The executive met with the Arab Chamber president, Marcelo Sallum, Foreign Trade vice president, Rubens Hannun, and CEO, Michel Alaby, and signed a cooperation agreement. He believes the organization can help enable partnerships between private sector players from Brazil and Tunisia.

According to the executive, Tunisia offers investment incentives such as fiscal benefits to both local and foreign investors. “We encourage investment across the board [in agribusiness],” he stressed.

Special emphasis is nonetheless placed upon attracting capital into cereal production. According to Chafii, Tunisia grows approximately 70% of what it needs, and must import the remainder. Other segments deemed strategic are dairy and meats.

He also said incentives are granted to water-saving projects, agroindustries, export-oriented ventures, and projects involving protected designation of origin products, and organics.

Foreigners can retain stakes of up to 66% in an agricultural business in Tunisia. They are required to have a local partner. Chafii said foreign entrepreneurs account for 5% to 10% of total agribusiness investments in the country.
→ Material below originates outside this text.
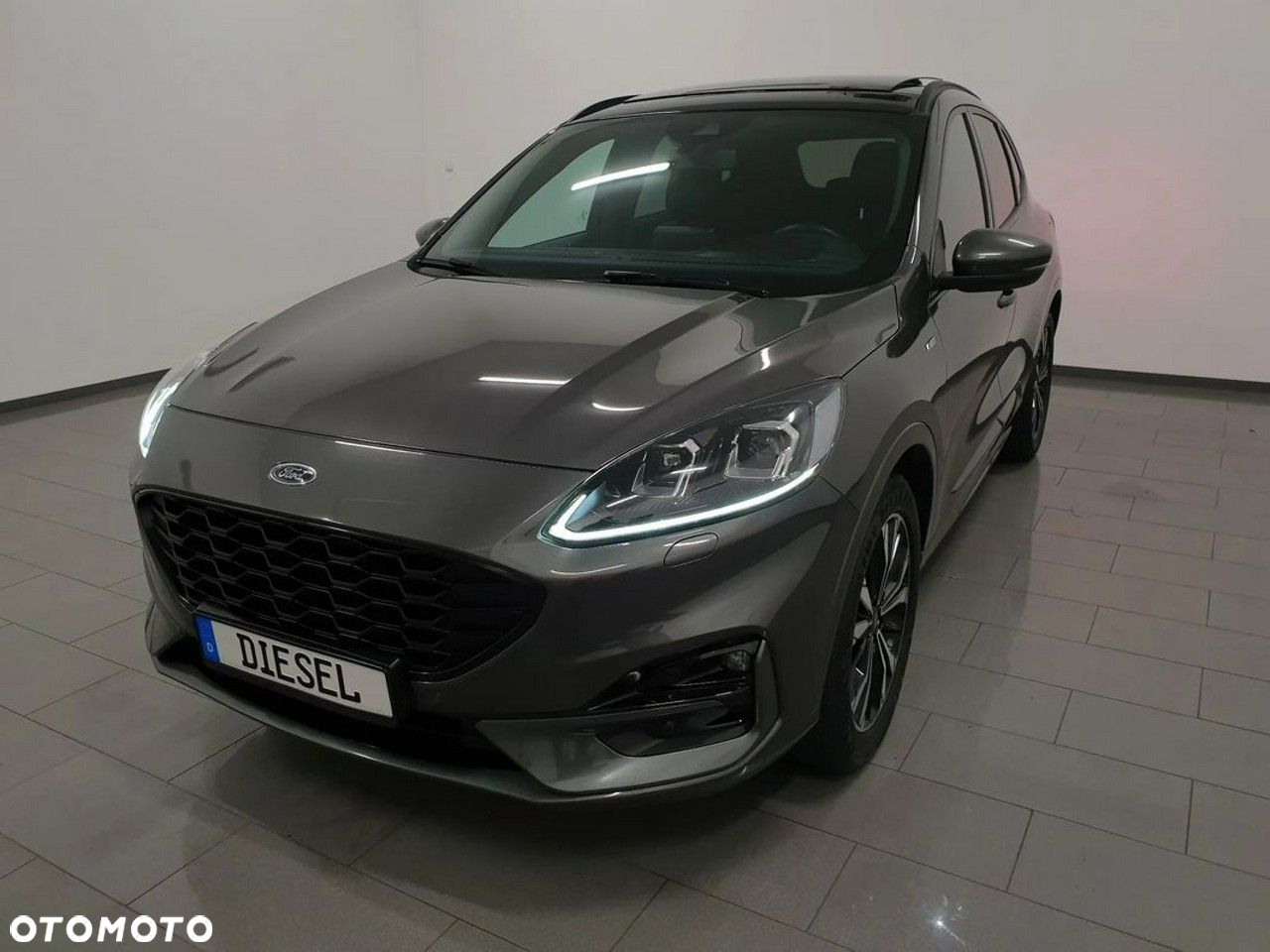 Ford Kuga 2.0 EcoBlue 4x4 ST-LINE X - 33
He named examples of foreign enterprises that grow fruit and produce in Tunisia to export to Europe and elsewhere – such as the European-based San Lucar, which sells Tunisian-grown tomatoes – and multinational corporations that focus on supplying the local market, such as Danone.
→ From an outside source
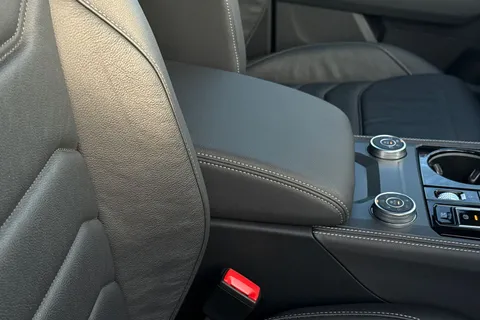 FN73UXT Volkswagen Touareg 3.0 V6 TDI 4Motion 286 Black Edition 5dr Tip Auto Thumbnail #34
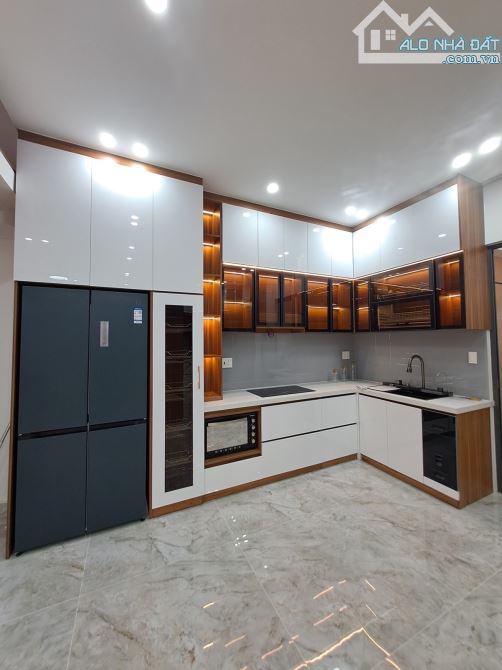 SIÊU PHẨM P10 TÂN BÌNH FULL NỘI THẤT - 43M2, 4 TẦNG, 4PN MASTER, PHÒNG XÔNG HƠI-CHỈ 8.4 TỶ - 3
Tunisians are also interested in engaging in technical cooperation with Brazil, to take advantage of the Brazilian expertise in agriculture. “We have a lot to learn when it comes to agricultural research and teaching, and developing areas such as grains and meats,” the Apia CEO acknowledged.

Since the Arab countries as a whole need to import foodstuffs, he suggested that three-way partnerships be established, with Arab investment and Brazilian know-how on Tunisian land.


The Arab country also wants to diversify export market and promote products such as olive oil and dates in Brazil. Regarding olive oil, for instance, he said that even with the increase of demand in Europe, Tunisia has the means to supply to other destinations. “We want to diversify markets and add more value to the product, selling it already bottled”, he said, adding that Tunisia is the third largest olive oil exporter in the world. 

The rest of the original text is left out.